Vendredi 26 mai. — Tristes les départs de son domicile à mon âge. Il faut songer à l’éventualité d’une mort subite, et laisser des instructions.

Ce matin, Geffroy et Carrière entrent dans mon cabinet, un énorme bouquet de fleurs des champs à la main, venant fêter mes 71 ans. L’attention de ces deux cœurs amis m’a touché. Cet après-midi, Mme Sichel vient me voir et m’offrir de la façon la plus gentille, la plus affectueuse, les soins de son fils à Vichy, pendant huit jours, quinze jours.

Dimanche 28 mai. — Vichy. Le docteur Frémont m’examine ce matin, et pendant qu’il me tripote le foie, il me dit qu’il n’est pas très volumineux, mais que sans que j’y sois pour rien, il sent dans mon côté la rétraction, la mise en garde d’un organe malade, qui se défend contre l’attouchement de l’auscultation.

Une triste impression que de se retrouver ici, où mon frère était déjà si malade, d’avoir en face de soi cette maison de Callou, autrefois si bruyante, si joyeusement sonore, maintenant silencieuse, de marcher solitaire, sous ces arceaux de pâles platanes, qui font ressembler le vieux parc, plein de jaunes figures, à de mélancoliques Limbes.

Mercredi 31 mai. — Vichy, avec son improvisation de bâtisses, de baraquements, de boutiques pour la grande saison, a quelque chose de la construction féerique d’une ville d’Amérique.

J’ai voulu travailler au scénario de la Faustin, et j’ai été pris de tristesse, en me sentant, pour le moment, incapable d’en faire une pièce. Ce sentiment d’impuissance, c’est la première fois que je l’éprouve.

Ce soir, au Guignol lyonnais. C’est curieux comme la marionnette, cet insenséisme de la mimique humaine, me produit une singulière impression. Au bout de quelque temps, j’éprouve pour ce spectacle des acteurs en bois, la répulsion que me donne la vision de fous.

Dimanche 4 juin. — C’est curieux, du Sardou, de l’Erckmann-Chatrian, du Bisson, du Moinaux, du n’importe qui, joué par la même troupe : ça paraît de la même qualité littéraire — et, le dirai-je, la même pièce.

Mardi 6 juin. — Ici, avec le traitement, on n’a pas une parfaite conscience de soi-même. Il ne semble pas bien positivement qu’on soit l’individu qui était à Paris, il y a dix jours.

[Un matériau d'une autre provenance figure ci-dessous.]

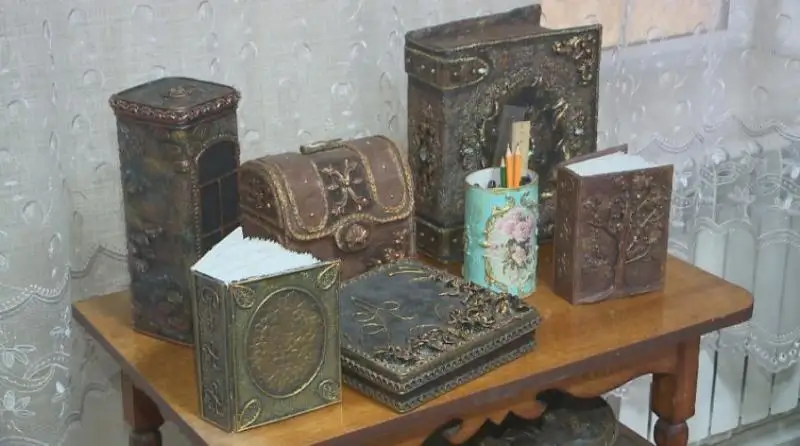 Эксклюзивные вещи из мусора создает студентка из Караганды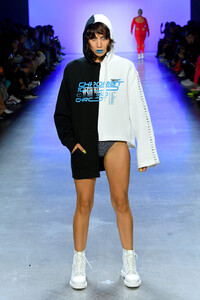 438563765_ChromatSpringSummer2020NewYorkFashionvhhr3qr1nryx.thumb.jpg.368efb8d8318d163976bd46872302280.jpg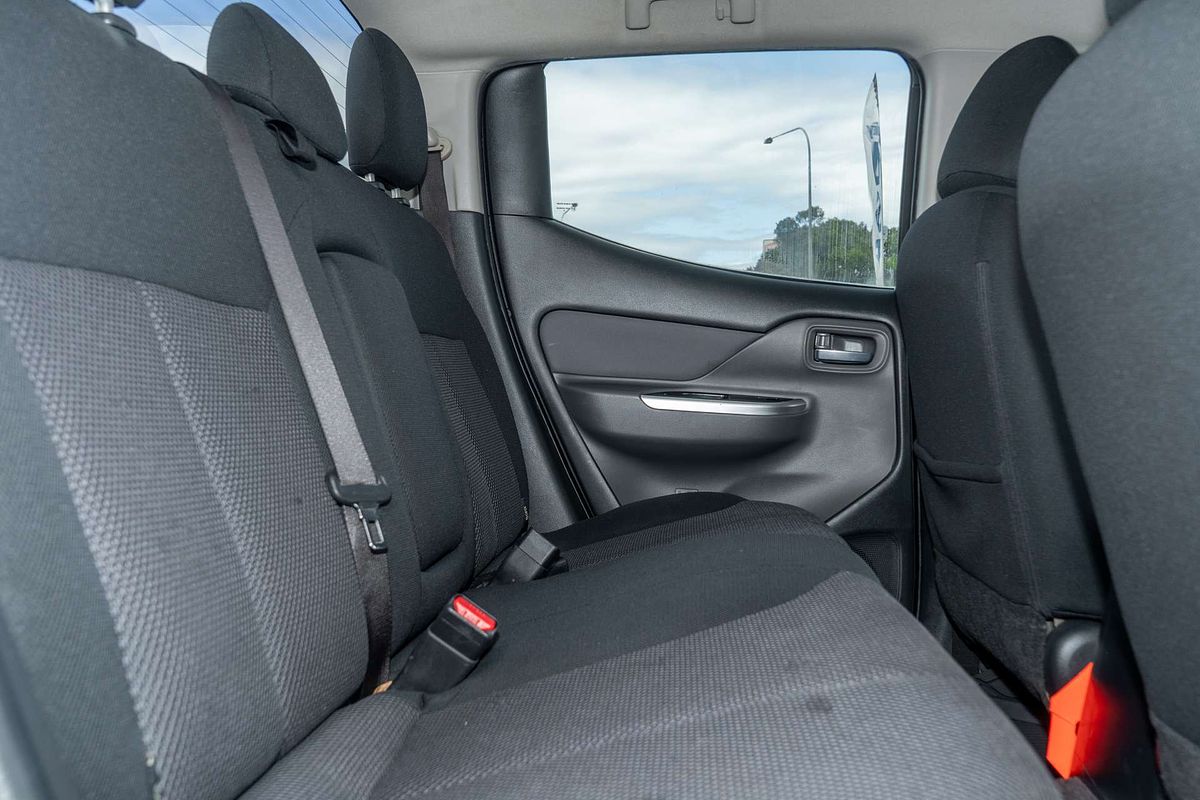 2015 Mitsubishi Triton GLS MQ 4X4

Je ne sais dans quel livre, illustré de Tony Johannot, un être fantastique, juché derrière un monsieur tranquillement assis, et sans qu’il s’en doute, le moins du monde, lui retire du haut du crâne mis à découvert, des cuillerées de cervelle. Cette image me donne un peu l’idée de l’effet produit par l’action de l’eau d’ici, sur l’intelligence.

Jeudi 8 juin. — Hier, au moment où j’étais arrivé aux jours, dans lesquels les médecins probabilisent une crise pour les buveurs d’eau, j’ai reçu une sommation d’un M. Faustin, armateur de la Rochelle, etc., etc., m’interdisant d’appeler ma pièce (la pièce que dernièrement les journaux ont annoncé que je tirais de mon roman de la Faustin) du nom de mon roman et ma principale actrice du nom de mon héroïne.

Voici ma réponse :

« Monsieur,

« Vous ignorez sans doute que j’ai publié, en 1882, sous le titre de la Faustin, une étude d’actrice tirée chez Charpentier à 16 000 exemplaires, republiée par Lemerre, et traduite en plusieurs langues, notamment en anglais, un roman enfin, jouissant en Europe, depuis douze ans, d’une certaine notoriété.

« Maintenant, je comprendrais votre réclamation, arrivant à son heure, si le nom de Faustin était la propriété exclusive de vous, monsieur, et de votre famille, mais il n’en est rien, indépendamment des Faustin de toutes professions qui peuvent exister en province, j’ouvre le Bottin de Paris et je trouve M. Faustin, fabricant de sacs de papier, 12, rue de la Ferronnerie.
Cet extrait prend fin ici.